Hessian-Free Online Certified Unlearning
Xinbao Qiao, Meng Zhang, Ming Tang, Ermin Wei
TL;DR
This work introduces Hessian-Free Online Certified Unlearning (HF-OCU), a method to forget data from trained models with certified guarantees without performing Hessian inversions. By maintaining per-sample impact statistics computed through an affine stochastic recursion and Hessian-vector products, HF-OCU enables near-instantaneous online data removal via simple vector additions, while preserving or improving unlearning and generalization guarantees compared to Hessian-based baselines. Theoretical bounds show improved unlearning error and generalization behavior under non-convex settings, and experiments demonstrate millisecond-level unlearning, reduced precomputation/storage costs, and robust performance across convex and non-convex models, with open-source code provided. The approach also analyzes privacy implications (MIA-L/MIA-U) and demonstrates how calibrated noise can defend against membership inference while maintaining utility, highlighting practical significance for rights-to-forget in modern ML systems.
Abstract
Machine unlearning strives to uphold the data owners' right to be forgotten by enabling models to selectively forget specific data. Recent advances suggest pre-computing and storing statistics extracted from second-order information and implementing unlearning through Newton-style updates.
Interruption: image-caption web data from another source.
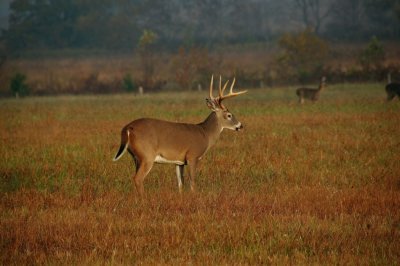Big Bucks during the rut in Cades Cove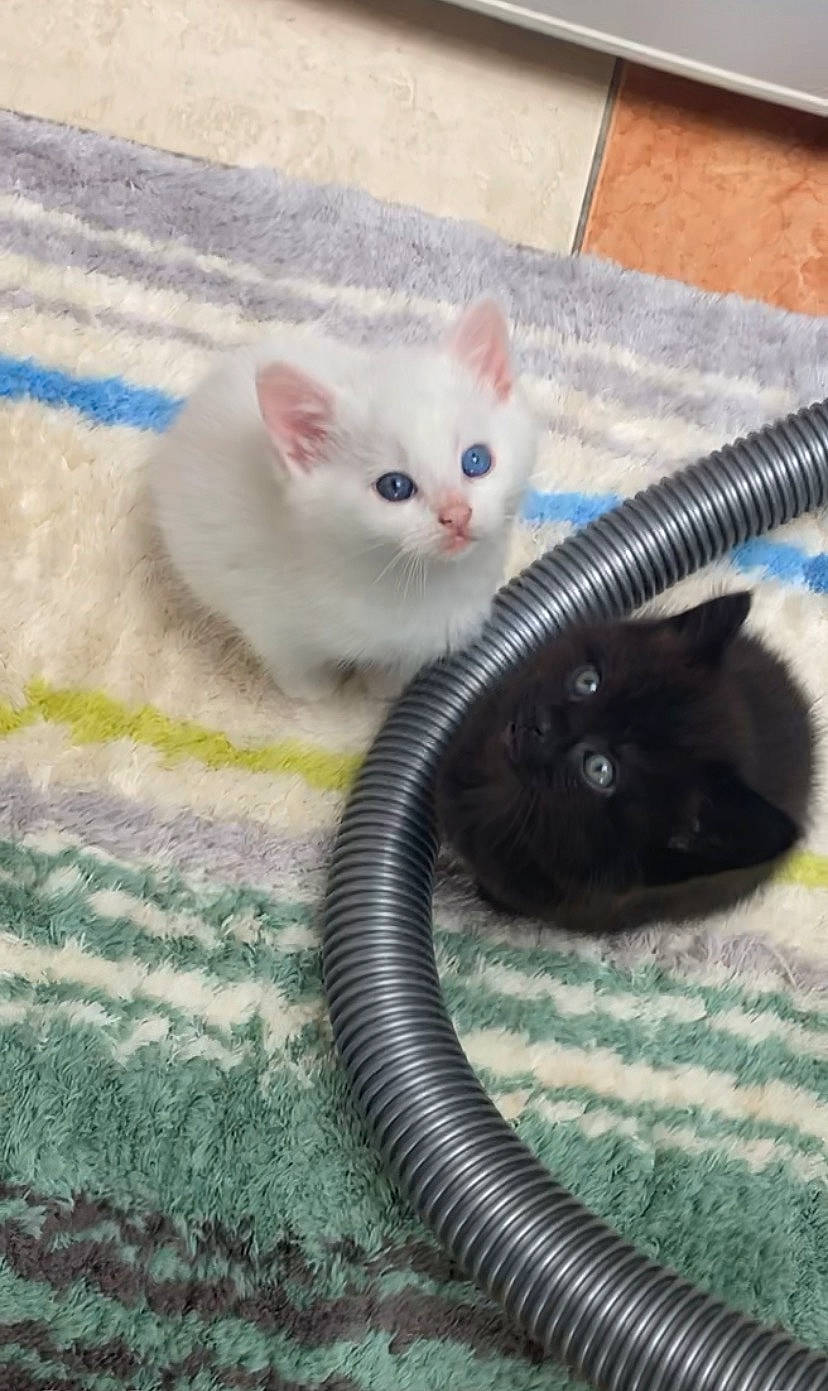 Arc-en-ciel participe au concours pour gagner de l'argent avec cette photo : blue, bombay, carnivore, cat, claw, comfort, domestic_short_haired_cat, fawn, felidae, fur, grey, iris, paw, small_to_medium_sized_cats, snout, tail, whiskers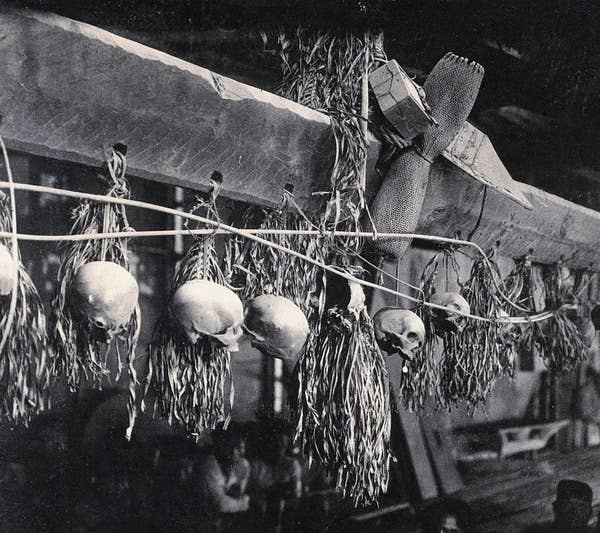 historical human skulls hanging from beam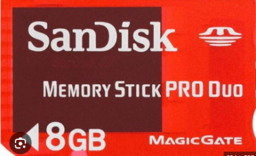 SANDISK MEMOR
However, the Hessian matrix operations are extremely costly and previous works conduct unlearning for empirical risk minimizer with the convexity assumption, precluding their applicability to high-dimensional over-parameterized models and the nonconvergence condition. In this paper, we propose an efficient Hessian-free unlearning approach. The key idea is to maintain a statistical vector for each training data, computed through affine stochastic recursion of the difference between the retrained and learned models. We prove that our proposed method outperforms the state-of-the-art methods in terms of the unlearning and generalization guarantees, the deletion capacity, and the time/storage complexity, under the same regularity conditions. Through the strategy of recollecting statistics for removing data, we develop an online unlearning algorithm that achieves near-instantaneous data removal, as it requires only vector addition. Experiments demonstrate that our proposed scheme surpasses existing results by orders of magnitude in terms of time/storage costs with millisecond-level unlearning execution, while also enhancing test accuracy.